Autant la création provisoire d’un Village des Bouquiniste peut-elle s’avérer intéressante, autant savons-nous par expérience que dans de nombreux cas, le provisoire a ceci d’étonnant qu’il devient rapidement définitif, alors même que ce n’était pas sa vocation initiale, du moins officiellement. Les bouquinistes font partie de l’âme des quais de Seine, qui sans eux, pourraient s’assimiler à la Place du Tertre vidée de ses artistes peintres. A ceci près que la cérémonie d’ouverture des JO n’aura pas lieu sur la Butte Montmartre, diront les aigris et les tenant du tout sécuritaire. Dans ce cas, qu’ils n’y aillent pas, car en bien d’autres endroits des sites olympiques, la perpétration d’un acte immonde restera malheureusement possible.

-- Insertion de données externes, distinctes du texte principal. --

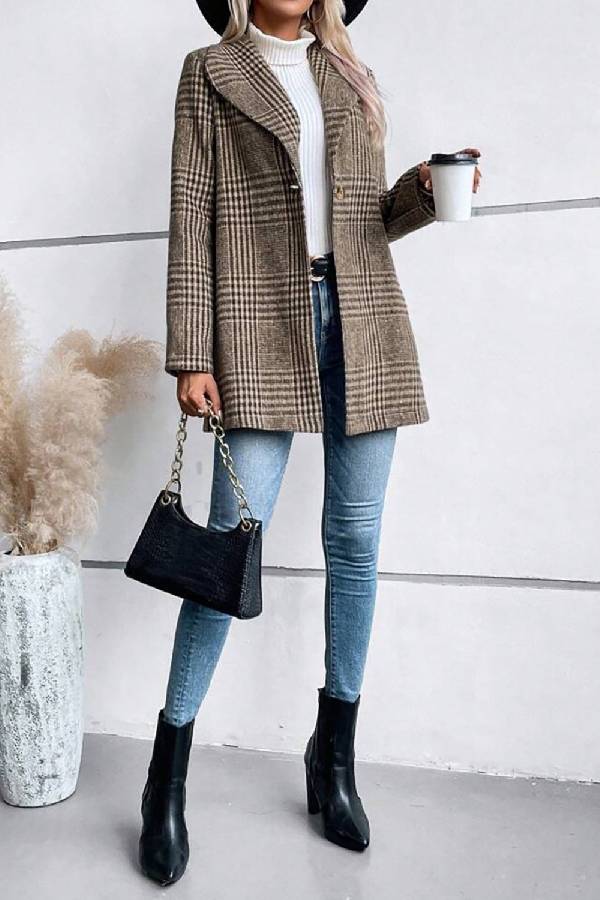 Mune | Collection Checked Collar Long Sleeve Jacket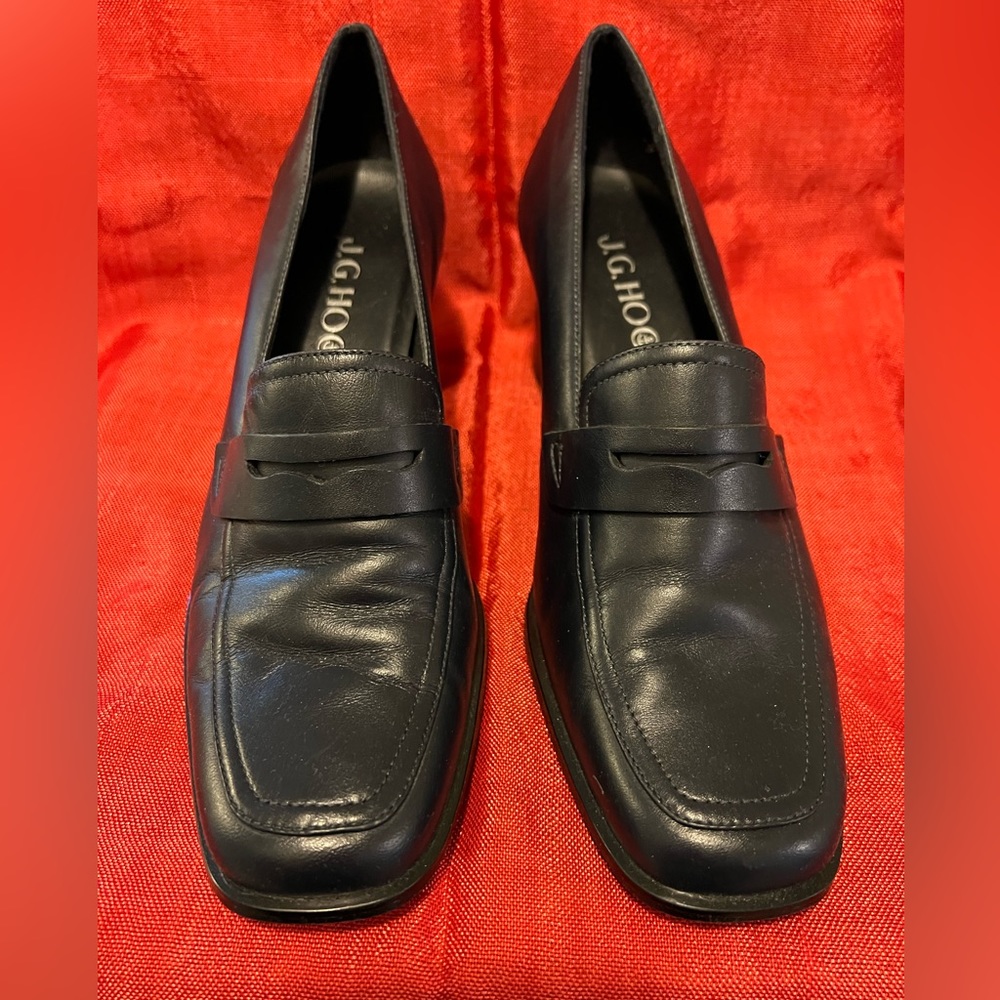 J. G. Hook navy heeled loafer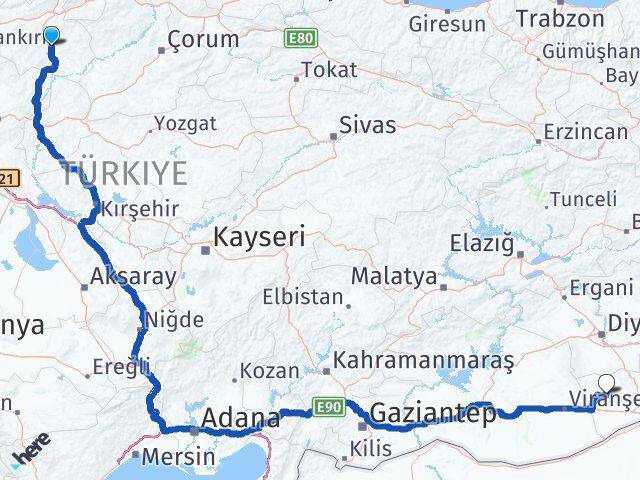 Çankırı Derik Mardin Arası Kaç Km - Yol Haritası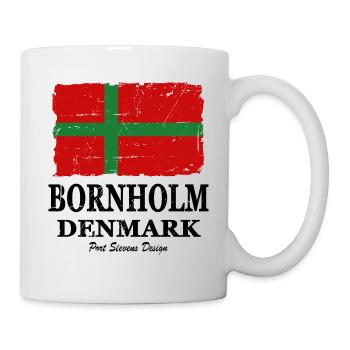Flag of Bornholm - Bornholm Flagge - shabby look - Tasse - Weiß - Rechts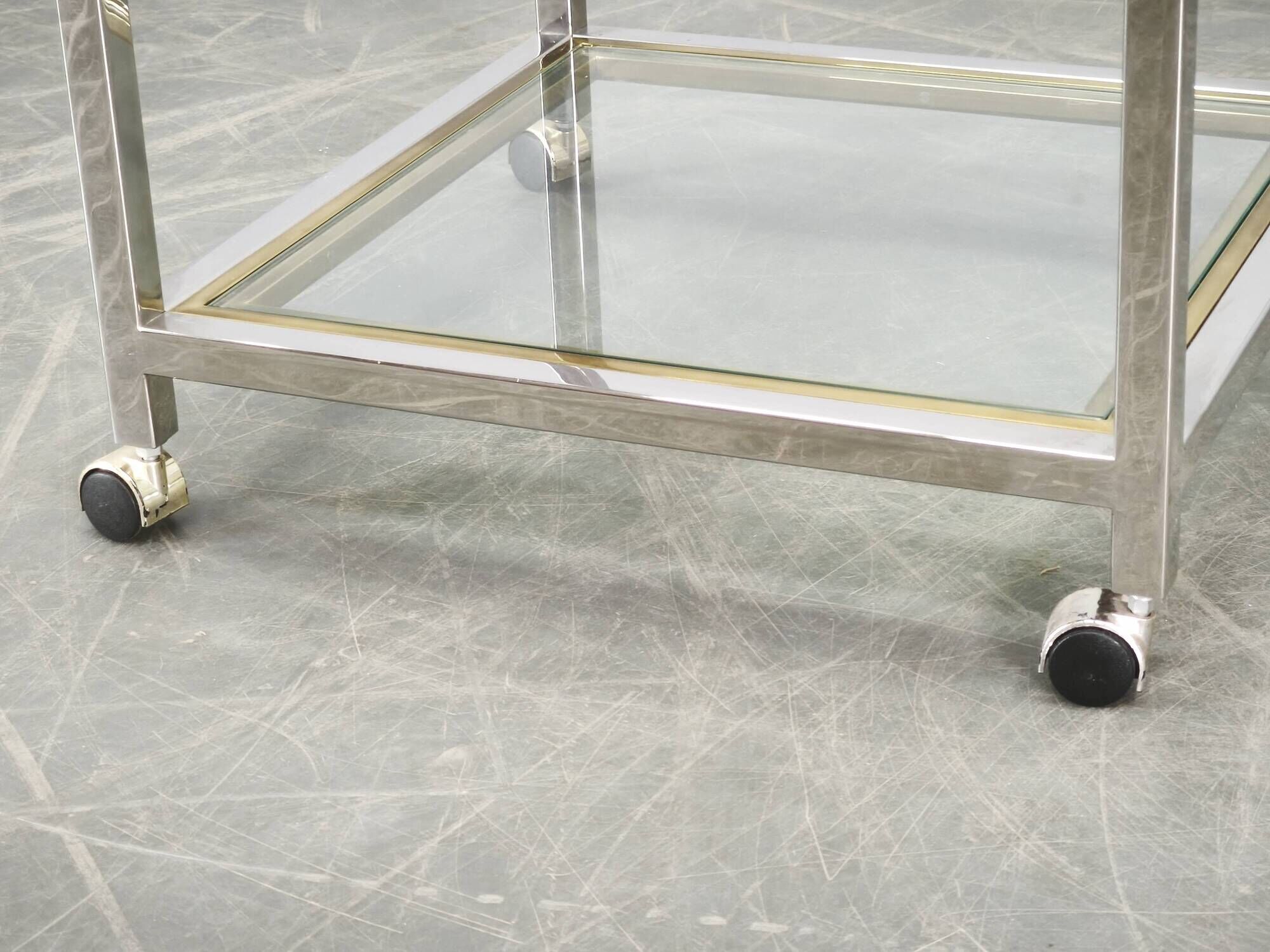 1970s Italian Chrome, Brass and Glass Nesting Tables, Set of Three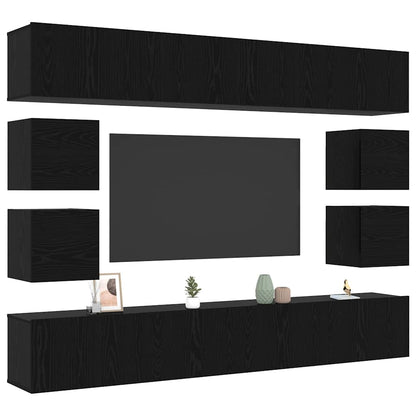 Tv-meubelset Wandgemonteerd 8 pcs Zwart Eiken Bewerkt hout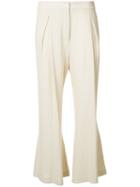 Dusan Flared Linen Trousers, Women's, Size: 42, White, Linen/flax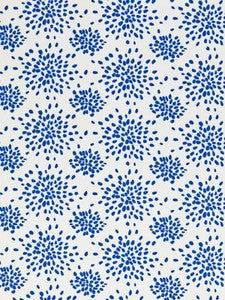 Scalamandre Fabric Fireworks Cotton Print Blue On White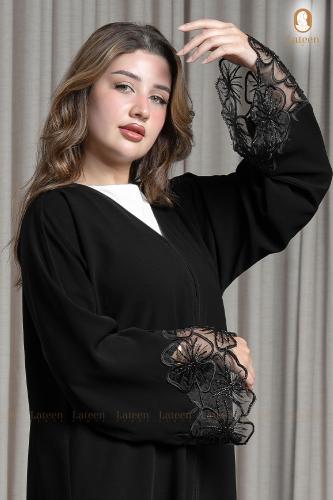 عباية كريب ملكي باكمام ورود - لتين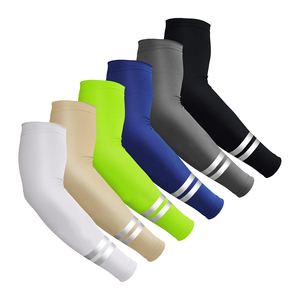 Mangas Protectoras de Poliéster Sólido UPF50+ con Rayas Reflectantes en Blanco, Amarillo, Verde, Naranja, Gris, Negro, Protección Solar para Hombre - Product Image 2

L’organisation de cet événement festif hors d’un stade, contrairement à la coutume, ne manque pas d’inconvénients et en période de menace terroriste, augmente considérablement les facteurs de risque. Ce dont il fallait parler et penser en amont, car la dite menace ne date pas d’hier. Sacrifier ce qui fait le charme et la renommée des quais de Seine, alors que Paris verra à cette occasion s’accroître le nombre de ses visiteurs, ne contribue pas au rayonnement mondial de la ville. Renoncer à la culture générale au profit de la généralisation de la culture de la sécurité, est un mauvais pari sur l’avenir, mais un excellent moyen d’abrutissement général des masses.

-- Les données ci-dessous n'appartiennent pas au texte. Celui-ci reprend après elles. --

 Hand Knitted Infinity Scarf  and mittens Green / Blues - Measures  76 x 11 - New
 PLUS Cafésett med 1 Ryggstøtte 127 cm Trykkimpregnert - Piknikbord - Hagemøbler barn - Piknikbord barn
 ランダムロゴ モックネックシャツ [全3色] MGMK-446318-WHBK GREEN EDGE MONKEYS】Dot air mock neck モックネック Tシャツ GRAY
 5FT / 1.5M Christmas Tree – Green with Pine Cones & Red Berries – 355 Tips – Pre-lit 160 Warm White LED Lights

Par ailleurs, les bouquinistes n’ont pas attendu d’avoir le soutien de la Mairie de Paris, pour se mobiliser en vue de leur inscription au Patrimoine Culturel Immatériel de l’Unesco, car ils sont engagés dans cette démarche de reconnaissance depuis 2018. Inscrits depuis 2019 au Patrimoine Culturel Immatériel en France, ils exercent leur activité sur les rives parisiennes de la Seine, elles-mêmes inscrites au Patrimoine Mondial de l’UNESCO depuis 1991. Ce qui fait au total, beaucoup de patrimoine à bouleverser jusqu’à le mettre en péril, pour une manifestation festive éphémère, si belle soit-elle.